### EXCERPTED DATA

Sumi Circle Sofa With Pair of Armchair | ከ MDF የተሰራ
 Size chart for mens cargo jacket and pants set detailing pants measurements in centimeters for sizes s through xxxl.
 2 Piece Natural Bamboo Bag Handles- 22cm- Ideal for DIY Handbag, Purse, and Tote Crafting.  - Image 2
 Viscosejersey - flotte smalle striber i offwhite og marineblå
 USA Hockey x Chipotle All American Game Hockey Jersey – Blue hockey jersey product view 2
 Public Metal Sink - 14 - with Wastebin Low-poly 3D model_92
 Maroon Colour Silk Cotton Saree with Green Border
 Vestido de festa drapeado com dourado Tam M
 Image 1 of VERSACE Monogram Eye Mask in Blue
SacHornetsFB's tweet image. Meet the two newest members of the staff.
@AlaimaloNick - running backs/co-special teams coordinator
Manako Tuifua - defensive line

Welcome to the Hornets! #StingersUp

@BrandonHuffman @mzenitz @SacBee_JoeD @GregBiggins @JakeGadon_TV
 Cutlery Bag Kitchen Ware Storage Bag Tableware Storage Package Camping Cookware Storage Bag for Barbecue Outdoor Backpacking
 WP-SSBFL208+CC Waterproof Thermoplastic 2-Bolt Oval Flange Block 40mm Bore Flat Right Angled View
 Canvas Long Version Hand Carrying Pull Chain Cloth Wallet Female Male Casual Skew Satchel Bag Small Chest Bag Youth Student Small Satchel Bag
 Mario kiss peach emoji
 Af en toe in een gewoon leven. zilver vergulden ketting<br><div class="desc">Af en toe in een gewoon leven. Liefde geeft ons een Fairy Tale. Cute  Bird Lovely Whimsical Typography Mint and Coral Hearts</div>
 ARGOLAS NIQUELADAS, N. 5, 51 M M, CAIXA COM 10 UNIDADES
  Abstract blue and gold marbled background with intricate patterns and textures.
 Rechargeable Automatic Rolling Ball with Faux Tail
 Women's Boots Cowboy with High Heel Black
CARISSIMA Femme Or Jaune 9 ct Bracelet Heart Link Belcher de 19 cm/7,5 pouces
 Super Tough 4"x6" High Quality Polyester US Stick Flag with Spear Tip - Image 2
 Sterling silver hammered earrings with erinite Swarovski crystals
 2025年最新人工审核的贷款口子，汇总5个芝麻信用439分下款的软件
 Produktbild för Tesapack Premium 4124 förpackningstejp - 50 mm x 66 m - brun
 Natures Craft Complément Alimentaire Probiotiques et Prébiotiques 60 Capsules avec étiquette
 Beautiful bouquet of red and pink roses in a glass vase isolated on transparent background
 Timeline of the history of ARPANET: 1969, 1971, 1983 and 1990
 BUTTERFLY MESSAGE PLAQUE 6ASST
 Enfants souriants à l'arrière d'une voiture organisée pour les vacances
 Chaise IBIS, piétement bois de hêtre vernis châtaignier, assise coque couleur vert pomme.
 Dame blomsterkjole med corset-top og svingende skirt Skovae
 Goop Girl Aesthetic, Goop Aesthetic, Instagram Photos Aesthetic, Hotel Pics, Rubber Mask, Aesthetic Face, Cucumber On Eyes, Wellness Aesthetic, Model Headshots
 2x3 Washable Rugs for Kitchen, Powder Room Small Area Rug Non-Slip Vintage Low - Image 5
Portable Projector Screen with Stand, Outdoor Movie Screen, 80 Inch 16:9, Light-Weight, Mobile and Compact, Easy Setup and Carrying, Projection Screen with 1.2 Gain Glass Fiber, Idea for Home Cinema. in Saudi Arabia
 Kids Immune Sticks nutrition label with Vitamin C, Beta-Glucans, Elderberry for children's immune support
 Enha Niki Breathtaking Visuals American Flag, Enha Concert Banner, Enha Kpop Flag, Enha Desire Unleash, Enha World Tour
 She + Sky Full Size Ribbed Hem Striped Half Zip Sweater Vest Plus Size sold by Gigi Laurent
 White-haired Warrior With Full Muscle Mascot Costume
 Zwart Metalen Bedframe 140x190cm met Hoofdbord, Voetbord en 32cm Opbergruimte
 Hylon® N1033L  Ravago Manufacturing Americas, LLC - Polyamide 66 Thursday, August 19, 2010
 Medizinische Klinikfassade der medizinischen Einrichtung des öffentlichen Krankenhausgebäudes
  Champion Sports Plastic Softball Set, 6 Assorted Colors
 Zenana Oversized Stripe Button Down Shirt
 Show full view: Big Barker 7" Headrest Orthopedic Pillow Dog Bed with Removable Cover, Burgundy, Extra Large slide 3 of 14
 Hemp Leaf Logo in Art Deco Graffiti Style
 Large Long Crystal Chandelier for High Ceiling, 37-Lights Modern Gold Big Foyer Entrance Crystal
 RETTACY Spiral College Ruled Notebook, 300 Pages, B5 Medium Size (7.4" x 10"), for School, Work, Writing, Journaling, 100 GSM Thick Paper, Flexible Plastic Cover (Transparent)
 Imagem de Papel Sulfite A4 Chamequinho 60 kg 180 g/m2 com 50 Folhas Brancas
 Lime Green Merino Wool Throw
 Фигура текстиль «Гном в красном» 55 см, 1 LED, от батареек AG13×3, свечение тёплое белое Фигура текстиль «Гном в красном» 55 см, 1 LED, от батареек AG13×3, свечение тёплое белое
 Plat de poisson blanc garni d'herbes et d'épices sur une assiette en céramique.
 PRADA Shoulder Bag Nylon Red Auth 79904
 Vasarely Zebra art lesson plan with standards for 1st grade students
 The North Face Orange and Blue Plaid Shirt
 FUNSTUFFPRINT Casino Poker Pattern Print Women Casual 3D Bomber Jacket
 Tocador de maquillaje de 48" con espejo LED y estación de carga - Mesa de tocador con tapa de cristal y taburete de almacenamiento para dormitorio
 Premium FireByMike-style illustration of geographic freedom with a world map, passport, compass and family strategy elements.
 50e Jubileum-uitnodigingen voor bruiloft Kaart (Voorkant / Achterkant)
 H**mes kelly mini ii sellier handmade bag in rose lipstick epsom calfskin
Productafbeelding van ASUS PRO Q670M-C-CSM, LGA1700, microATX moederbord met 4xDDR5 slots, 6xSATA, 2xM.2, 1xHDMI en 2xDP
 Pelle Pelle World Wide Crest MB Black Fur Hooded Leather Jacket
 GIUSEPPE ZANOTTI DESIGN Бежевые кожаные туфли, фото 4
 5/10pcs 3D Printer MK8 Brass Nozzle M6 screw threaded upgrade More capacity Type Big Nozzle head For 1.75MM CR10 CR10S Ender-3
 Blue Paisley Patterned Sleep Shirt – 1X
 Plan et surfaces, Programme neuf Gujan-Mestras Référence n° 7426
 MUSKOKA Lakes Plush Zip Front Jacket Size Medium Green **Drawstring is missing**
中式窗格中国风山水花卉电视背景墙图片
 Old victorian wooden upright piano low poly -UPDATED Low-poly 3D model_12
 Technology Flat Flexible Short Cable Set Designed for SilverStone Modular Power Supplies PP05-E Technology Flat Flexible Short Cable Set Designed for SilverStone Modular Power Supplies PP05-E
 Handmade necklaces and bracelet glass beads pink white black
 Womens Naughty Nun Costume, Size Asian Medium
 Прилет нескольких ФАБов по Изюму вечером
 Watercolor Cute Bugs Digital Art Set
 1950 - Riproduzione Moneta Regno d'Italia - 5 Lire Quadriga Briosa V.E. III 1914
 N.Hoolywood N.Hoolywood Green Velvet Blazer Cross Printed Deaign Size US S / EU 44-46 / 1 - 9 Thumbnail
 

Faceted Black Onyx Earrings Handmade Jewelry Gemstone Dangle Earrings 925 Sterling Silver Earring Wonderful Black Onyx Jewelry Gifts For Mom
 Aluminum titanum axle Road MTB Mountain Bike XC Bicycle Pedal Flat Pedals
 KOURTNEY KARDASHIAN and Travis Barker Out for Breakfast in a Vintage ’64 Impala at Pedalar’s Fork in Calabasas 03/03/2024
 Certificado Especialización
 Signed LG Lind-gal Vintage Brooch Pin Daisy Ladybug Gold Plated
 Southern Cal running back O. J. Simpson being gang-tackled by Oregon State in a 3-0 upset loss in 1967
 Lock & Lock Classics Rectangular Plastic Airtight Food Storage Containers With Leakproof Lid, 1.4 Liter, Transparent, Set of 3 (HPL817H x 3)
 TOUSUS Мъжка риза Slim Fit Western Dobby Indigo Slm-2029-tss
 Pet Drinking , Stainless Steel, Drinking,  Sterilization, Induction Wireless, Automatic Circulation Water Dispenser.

######

TASK DETAILS >> Among the entries above, say how many lines hold the word "Sterling". No other words belong in the answer.

OUTPUT >> 2